La visite de Donald Trump en Arabie saoudite est son premier déplacement à l’étranger depuis son entrée en fonctions en janvier.

Un responsable du Hezbollah qualifie de « folle » l’administration Trump

Un responsable du Hezbollah libanais inscrit cette semaine sur une liste noire américano-saoudienne a qualifié dimanche l’administration de Donald Trump de « folle », estimant qu’elle ne réussira pas à vaincre le parti chiite pro-iranien. Hachem Safieddine, président du conseil exécutif du Hezbollah, a été inscrit vendredi sur la première liste américano-saoudienne de « désignation terroriste », à la veille de l’arrivée de M. Trump dans le royaume sunnite pour sa première visite à l’étranger.

Le Hezbollah, créé dans les années 80 par l’Iran – grand rival régional de Ryad -, est déjà classé comme « organisation terroriste » par les Etats-Unis et l’Arabie saoudite.

« Cette folle administration américaine sous Trump ne parviendra pas à briser la Résistance (le Hezbollah, ndlr) et n’obtiendra aucun résultat », a réagi M. Safieddine, 53 ans, cité par l’Agence nationale de l’information (ANI).

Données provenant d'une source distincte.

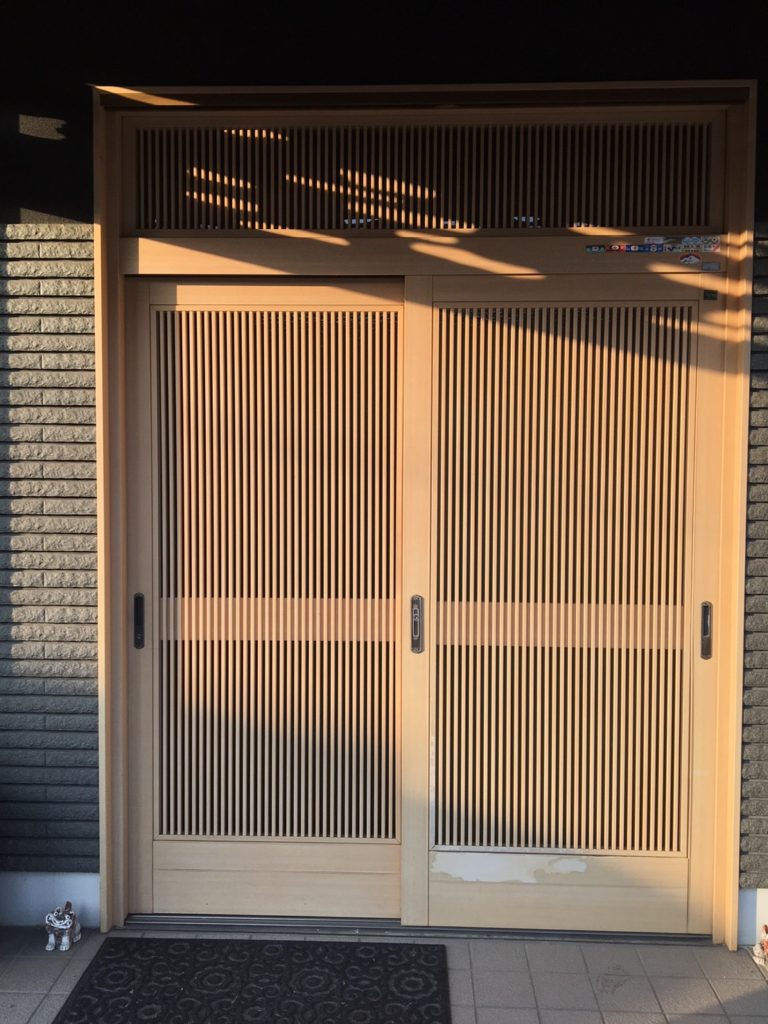 知多郡東浦町 戸建住宅 玄関引戸取替工事 LIXIL リシェント【ドアファクトリー】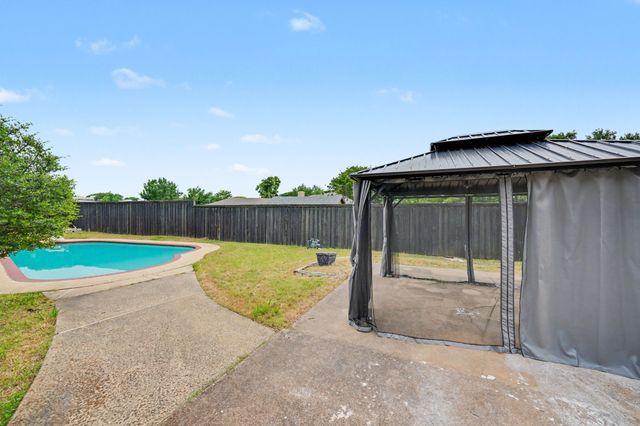 2709 Oak Circle, Plano, TX 75075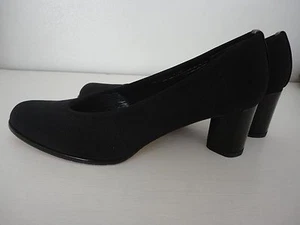 EUC Stuart Weitzman Gauzelle Black Dressy Mesh Slip On Heels Sz 8.5 Retail $325 - Picture 1 of 12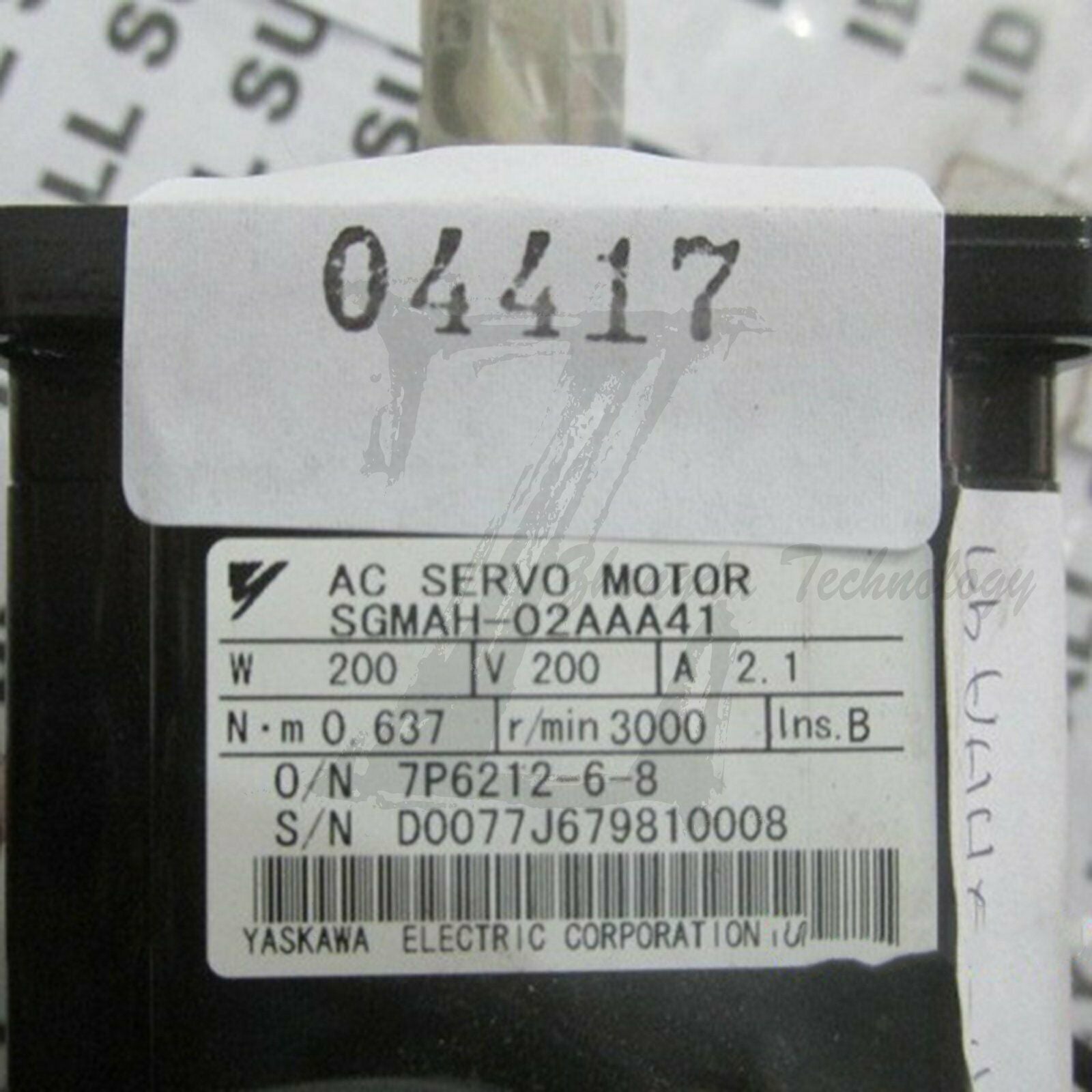 Yaskawa Sigma-II Servo Motors SGMAH-02AAA41 3 Phase 0.91A,200V,100W,0.13HP - YASKAWA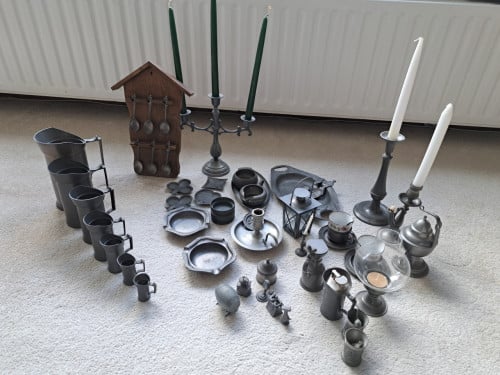 Tinnen kannen, schaaltjes, kandelaars e.d
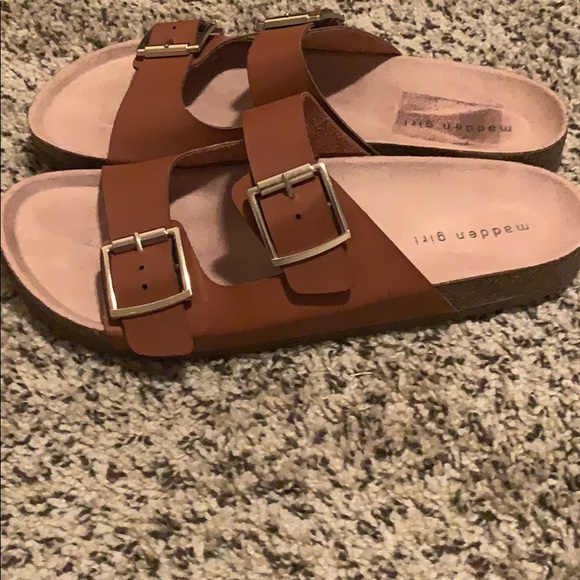 Madden Summer Sandals - Picture 2 of 3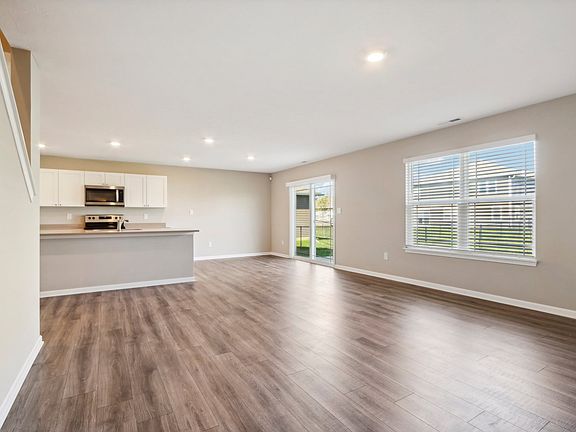 3rd image of 537 Marsh Aster Dr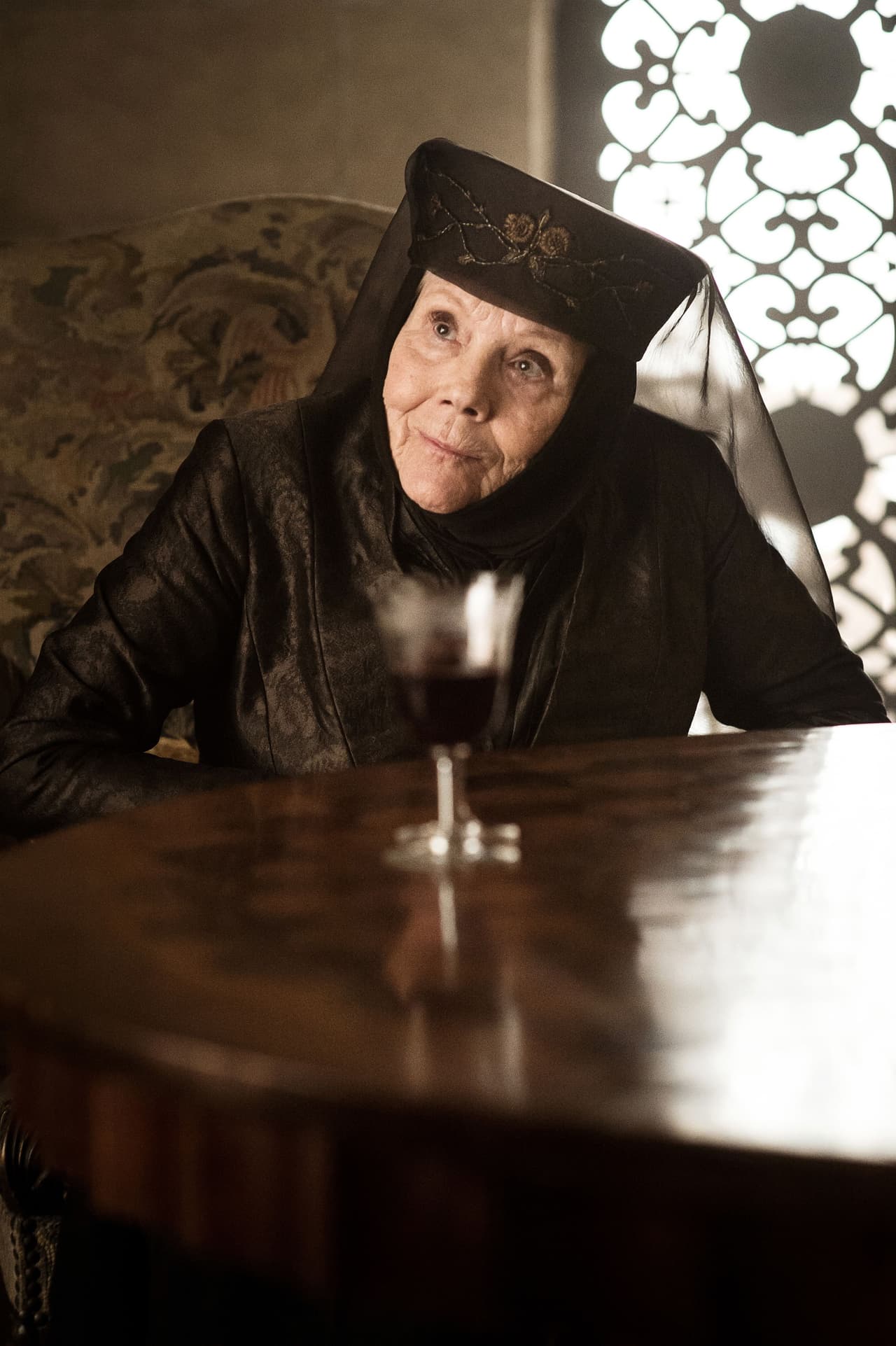 La actriz británica Diana Rigg, famosa por haber sido la esposa de James Bond en la cinta del 007 'Al servicio de su majestad' y por interpretar a Olenna Tyrrel en 'Game of Thrones', murió este 10 de septiembre a los 82 años.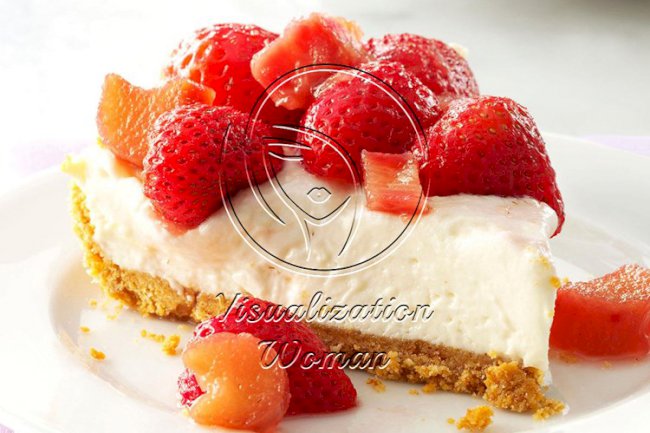 Rhubarb Berry Cheesecake Pie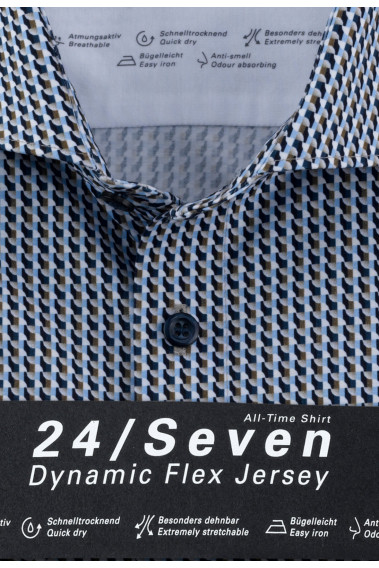 Zoom sur le col de la chemisette regular fantaisie bleue.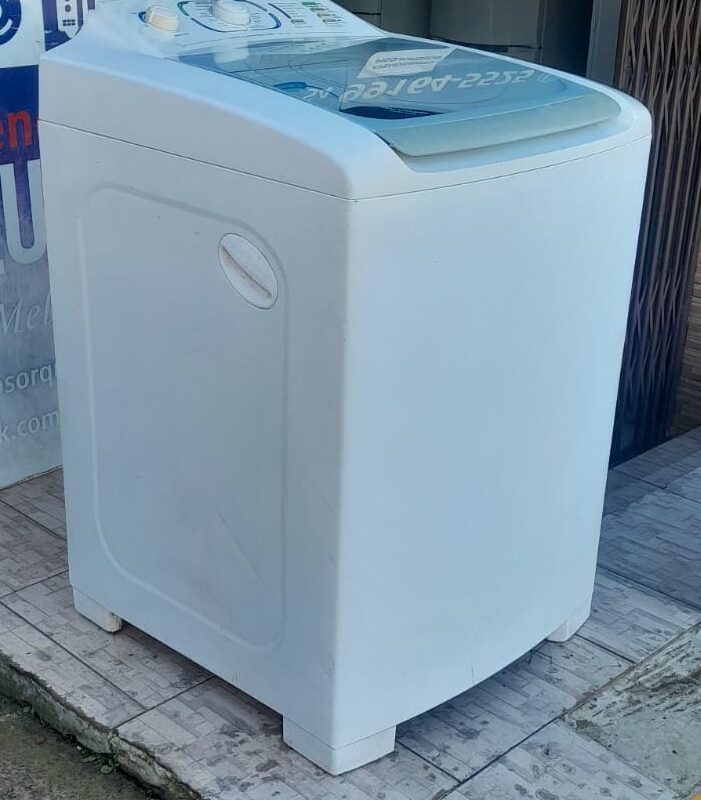 Máquina de Lavar 12kg Electrolux LT12F
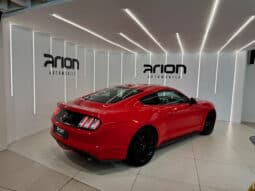 
										FORD Mustang VI Coupe 2.3 Ti EcoBoost 314 cv Sièges Recaro full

« Ils n’obtiendront que davantage de tapage médiatique », a indiqué l’influent responsable. Cousin éloigné du chef du parti Hassan Nasrallah, Hachem Safieddine est évoqué comme l’un des candidats à sa succession, selon des analystes.

Pour le département d’Etat, les sanctions contre M. Safieddine « sont le dernier exemple de la solide coopération entre les Etats-Unis et l’Arabie saoudite dans le combat contre financement du terrorisme ».

La décision stipule que tout avoir du responsable en Arabie saoudite serait gelé, avec interdiction de tout transfert d’argent via le secteur financier saoudien.

L’agence nationale saoudienne a rapporté de son côté que les sanctions ont été prises notamment en raison du rôle de soutien que joue M. Safieddine auprès du régime syrien de Bachar al-Assad.

Le Hezbollah, le seul parti libanais à ne pas avoir déposé les armes après la fin de la guerre civile au Liban (1978-1990), est un des principaux alliés du régime dans sa guerre contre les rebelles en Syrie, qui dure depuis six ans.